Natalya Gumenyuk, juru bicara komando militer Ukraina, mengklaim Shahed-136 berisik. “Suara yang dikeluarkan seperti gergaji mesin atau skuter. Efektivitas drone ini juga sangat rendah,” katanya.

Namun, Shahed-136 punya keistimewaan, yaitu mampu terbang rendah untuk menghindari radar. Drone ini seperti siluman, yang bisa tiba-tiba muncul dan menyerang.

“Sulit mendeteksi Shahed-136 sebelum pertahanan anti-pesawat melumpuhkannya,” kata Jenderal Trinquand. “Satu-satunya cara mengatasinya adalah dengan drone jammers, tapi perangkat itu harus tersebar di seluruh teater pearng.”

Washington sedang berusaha memenuhi kebutuhan Ukraina akan drone jammers merk Titan. Sistem ini sangat efektif melawan Geran-2, nama lain untuk Shahed-136.

Pesaing Bayraktar TB2

Sebelum Rusia menggunakan Shahed-136, Ukraina bergantung pada Bayraktar TB2 — drone buatan Turkiye — untuk menangkis serangan Rusia. Shahed-136 dan Bayraktar TB2 dianggap memiliki kemampuan sama.

Pakar militer mengatakan Rusia lebih dan lebih berhati-hati menggunakan pembom tempurnya, karena penyebaran sistem antipesawat yang semakin canggih di pihak Ukraina.

Penggunaan drone memungkinkan Moskwa mengkompensasi kekurangan rudal balistik yang sangat mahal, seperti Kalibr. Di awal invasi ke Ukraina, Rusia mengandalkan Kalibr, tapi biaya yang dikeluarkan luar biasa besar.
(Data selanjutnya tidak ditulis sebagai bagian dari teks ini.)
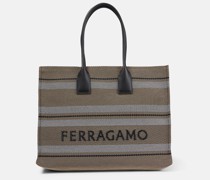 Ferragamo Tote Large aus Canvas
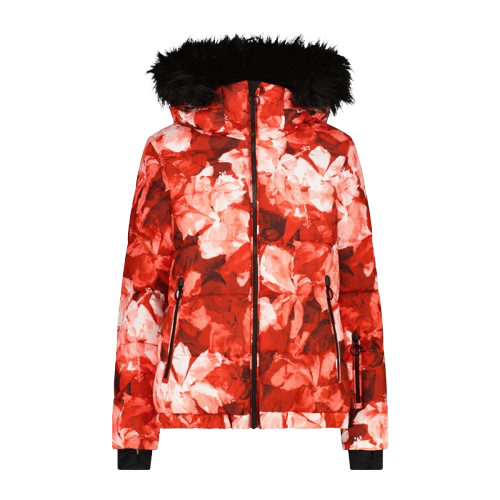 Woman jacket fix hood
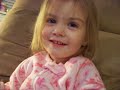 Funny Two Year Old Little Girl Reading Berenstain Bears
“Sepertinya, persediaan rudal presisi Rusia telah mencapai titik akhir,” kata Jenderal Trinquand. “Secara keseluruhan, pasokan peralatan teknologi tinggi Rusia sangat rendah dan sulit diganti. Sebab, banyak komponen senjata Rusia berasal dari Barat.”

Sampai kapan Rusia mengandalkan drone Kamikaze buatan Rusia? Kita tidak tahu. Yang pasti, senjata Rusia terus menipis, yang membuat mereka akan kesulitan mempertahankan pencapaian dalam perang di Ukraina.